Pois se me permitem, eu sei a resposta, sei de onde veio. Foi do mesmo “lugar” de onde veio o sonho com a catedral e a cruz, do fundo da alma onde acontece a verdadeira guerra cultural para todos nós, lá onde Jesus Cristo é quem a está lutando por nós e apesar de nós, sendo que no caso de Jordan parece-me que Cristo o está chamando quase que aos berros para retornar “para casa”, para aquela “arquitetura da crença” na qual nasceu, mas ainda resiste em retornar. É até compreensível que não queira ou mesmo não escute o chamado, pois essa é a consequência da amputação espiritual na cultura em que vivemos e é a verdadeira causa de todas as guerras culturais em andamento: ficamos sós com nossa individualidade para enfrentar a vida e lhe dar um sentido e, se conseguimos, como Peterson conseguiu, experimentamos a delícia de termos uma personalidade de verdade, aquilo que Goethe considerava ser a maior força existente no mundo.

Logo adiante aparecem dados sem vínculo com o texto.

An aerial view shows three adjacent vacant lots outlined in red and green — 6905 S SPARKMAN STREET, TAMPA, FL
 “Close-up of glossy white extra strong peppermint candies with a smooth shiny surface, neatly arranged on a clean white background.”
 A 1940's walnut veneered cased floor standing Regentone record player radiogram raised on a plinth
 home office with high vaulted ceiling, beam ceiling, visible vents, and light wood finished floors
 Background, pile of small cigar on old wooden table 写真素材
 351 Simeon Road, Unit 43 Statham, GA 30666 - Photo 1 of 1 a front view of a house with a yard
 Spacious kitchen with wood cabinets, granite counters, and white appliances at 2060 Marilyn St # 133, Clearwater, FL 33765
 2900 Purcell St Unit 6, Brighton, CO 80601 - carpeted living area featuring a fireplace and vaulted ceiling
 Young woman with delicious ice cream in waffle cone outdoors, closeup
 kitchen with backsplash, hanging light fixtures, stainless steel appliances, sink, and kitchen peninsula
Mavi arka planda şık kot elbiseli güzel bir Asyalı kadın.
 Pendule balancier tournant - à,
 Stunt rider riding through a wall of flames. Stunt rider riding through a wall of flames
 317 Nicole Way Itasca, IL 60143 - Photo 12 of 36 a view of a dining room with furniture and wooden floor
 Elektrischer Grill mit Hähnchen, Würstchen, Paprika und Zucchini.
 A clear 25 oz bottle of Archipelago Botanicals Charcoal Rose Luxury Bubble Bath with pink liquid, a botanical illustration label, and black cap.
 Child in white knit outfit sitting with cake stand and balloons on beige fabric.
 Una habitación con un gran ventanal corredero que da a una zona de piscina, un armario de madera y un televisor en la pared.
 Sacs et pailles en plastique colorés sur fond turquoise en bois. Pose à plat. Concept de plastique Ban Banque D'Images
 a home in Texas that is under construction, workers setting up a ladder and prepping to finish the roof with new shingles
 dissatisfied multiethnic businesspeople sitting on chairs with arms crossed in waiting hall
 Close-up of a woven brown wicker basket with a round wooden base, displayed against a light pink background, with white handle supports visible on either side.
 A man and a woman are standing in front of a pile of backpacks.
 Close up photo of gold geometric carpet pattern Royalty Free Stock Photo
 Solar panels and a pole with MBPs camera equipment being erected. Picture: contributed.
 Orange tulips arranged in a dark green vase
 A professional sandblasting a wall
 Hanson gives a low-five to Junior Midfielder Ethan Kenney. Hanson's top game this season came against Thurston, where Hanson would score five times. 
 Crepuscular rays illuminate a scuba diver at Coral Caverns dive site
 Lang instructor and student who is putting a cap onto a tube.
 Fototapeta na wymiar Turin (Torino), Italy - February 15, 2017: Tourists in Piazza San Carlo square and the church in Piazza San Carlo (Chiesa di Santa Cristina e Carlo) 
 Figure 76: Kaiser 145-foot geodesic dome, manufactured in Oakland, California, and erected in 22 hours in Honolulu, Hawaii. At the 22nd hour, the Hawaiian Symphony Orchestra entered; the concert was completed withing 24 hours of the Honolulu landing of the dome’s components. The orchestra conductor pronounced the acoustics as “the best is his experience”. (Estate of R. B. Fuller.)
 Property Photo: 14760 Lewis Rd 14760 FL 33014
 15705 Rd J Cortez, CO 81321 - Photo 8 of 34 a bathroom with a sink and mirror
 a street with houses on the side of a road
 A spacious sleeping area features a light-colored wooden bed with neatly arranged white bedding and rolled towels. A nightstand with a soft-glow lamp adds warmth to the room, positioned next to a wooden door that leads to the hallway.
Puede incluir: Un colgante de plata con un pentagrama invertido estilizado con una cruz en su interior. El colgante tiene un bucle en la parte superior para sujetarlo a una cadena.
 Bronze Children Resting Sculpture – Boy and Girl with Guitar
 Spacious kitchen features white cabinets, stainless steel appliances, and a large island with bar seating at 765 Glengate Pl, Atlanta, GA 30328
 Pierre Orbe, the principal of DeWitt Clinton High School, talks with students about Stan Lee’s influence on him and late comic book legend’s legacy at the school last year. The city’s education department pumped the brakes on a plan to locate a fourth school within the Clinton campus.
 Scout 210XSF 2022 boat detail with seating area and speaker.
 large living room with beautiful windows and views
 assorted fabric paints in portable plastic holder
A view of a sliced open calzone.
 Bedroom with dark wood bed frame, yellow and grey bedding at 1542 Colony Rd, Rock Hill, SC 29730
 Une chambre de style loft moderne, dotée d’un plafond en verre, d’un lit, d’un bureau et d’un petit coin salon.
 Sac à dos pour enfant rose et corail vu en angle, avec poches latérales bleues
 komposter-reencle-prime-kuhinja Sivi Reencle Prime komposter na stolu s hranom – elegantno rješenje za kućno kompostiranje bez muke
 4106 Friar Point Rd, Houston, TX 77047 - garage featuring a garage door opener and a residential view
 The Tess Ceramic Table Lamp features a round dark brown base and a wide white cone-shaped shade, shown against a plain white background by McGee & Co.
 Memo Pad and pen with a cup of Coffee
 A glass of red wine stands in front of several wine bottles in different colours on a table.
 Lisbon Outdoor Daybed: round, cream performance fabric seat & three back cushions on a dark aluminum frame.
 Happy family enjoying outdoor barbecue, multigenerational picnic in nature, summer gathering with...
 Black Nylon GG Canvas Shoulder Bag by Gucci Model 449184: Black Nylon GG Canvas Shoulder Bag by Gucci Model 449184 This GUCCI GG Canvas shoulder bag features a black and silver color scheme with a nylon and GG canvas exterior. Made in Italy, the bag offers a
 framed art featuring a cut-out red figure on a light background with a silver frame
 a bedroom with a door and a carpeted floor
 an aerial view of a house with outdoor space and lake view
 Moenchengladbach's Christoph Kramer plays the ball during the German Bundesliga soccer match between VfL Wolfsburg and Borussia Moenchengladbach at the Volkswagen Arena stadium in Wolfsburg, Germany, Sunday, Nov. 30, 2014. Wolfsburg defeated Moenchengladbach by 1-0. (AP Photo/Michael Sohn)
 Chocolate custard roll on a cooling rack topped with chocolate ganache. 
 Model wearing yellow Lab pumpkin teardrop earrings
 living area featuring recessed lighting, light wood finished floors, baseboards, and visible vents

Tenho esperança, e rezo para isso, de que um dia Jordan Peterson descobrirá que a maior força existente no mundo não é a personalidade humana, mas a personalidade de Jesus Cristo. Sem Ele seremos, no fim das contas, algo parecido com o homem sem qualidades, magistralmente retratado por Robert Musil no livro que leva esse nome como título, já citado na coluna passada e que vale retornar para encerrar essa série de artigos, esperando que agora isso faça um pouco mais de sentido ao leitor que até aqui me acompanhou: “ao fim de tudo, havendo certamente suficiente espírito, não faltaria apenas que o espírito tivesse espírito?”